Look through the entries below for the string "white", and copy each line where it is found.

════════════════

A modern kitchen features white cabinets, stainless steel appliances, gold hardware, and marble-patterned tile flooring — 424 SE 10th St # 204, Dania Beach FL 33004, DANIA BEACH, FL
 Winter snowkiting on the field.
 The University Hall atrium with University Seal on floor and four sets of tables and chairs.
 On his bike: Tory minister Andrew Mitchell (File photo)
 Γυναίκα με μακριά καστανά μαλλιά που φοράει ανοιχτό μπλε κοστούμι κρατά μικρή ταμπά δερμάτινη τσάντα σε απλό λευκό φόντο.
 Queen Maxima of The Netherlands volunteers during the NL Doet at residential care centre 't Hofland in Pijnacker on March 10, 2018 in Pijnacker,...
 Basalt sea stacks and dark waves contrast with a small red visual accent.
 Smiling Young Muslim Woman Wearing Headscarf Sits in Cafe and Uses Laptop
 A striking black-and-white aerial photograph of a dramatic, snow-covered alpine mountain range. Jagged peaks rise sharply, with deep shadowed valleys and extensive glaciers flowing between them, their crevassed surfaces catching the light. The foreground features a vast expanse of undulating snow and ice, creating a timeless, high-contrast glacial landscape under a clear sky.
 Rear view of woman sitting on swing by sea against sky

════════════════

REPLY
A modern kitchen features white cabinets, stainless steel appliances, gold hardware, and marble-patterned tile flooring — 424 SE 10th St # 204, Dania Beach FL 33004, DANIA BEACH, FL
 A striking black-and-white aerial photograph of a dramatic, snow-covered alpine mountain range. Jagged peaks rise sharply, with deep shadowed valleys and extensive glaciers flowing between them, their crevassed surfaces catching the light. The foreground features a vast expanse of undulating snow and ice, creating a timeless, high-contrast glacial landscape under a clear sky.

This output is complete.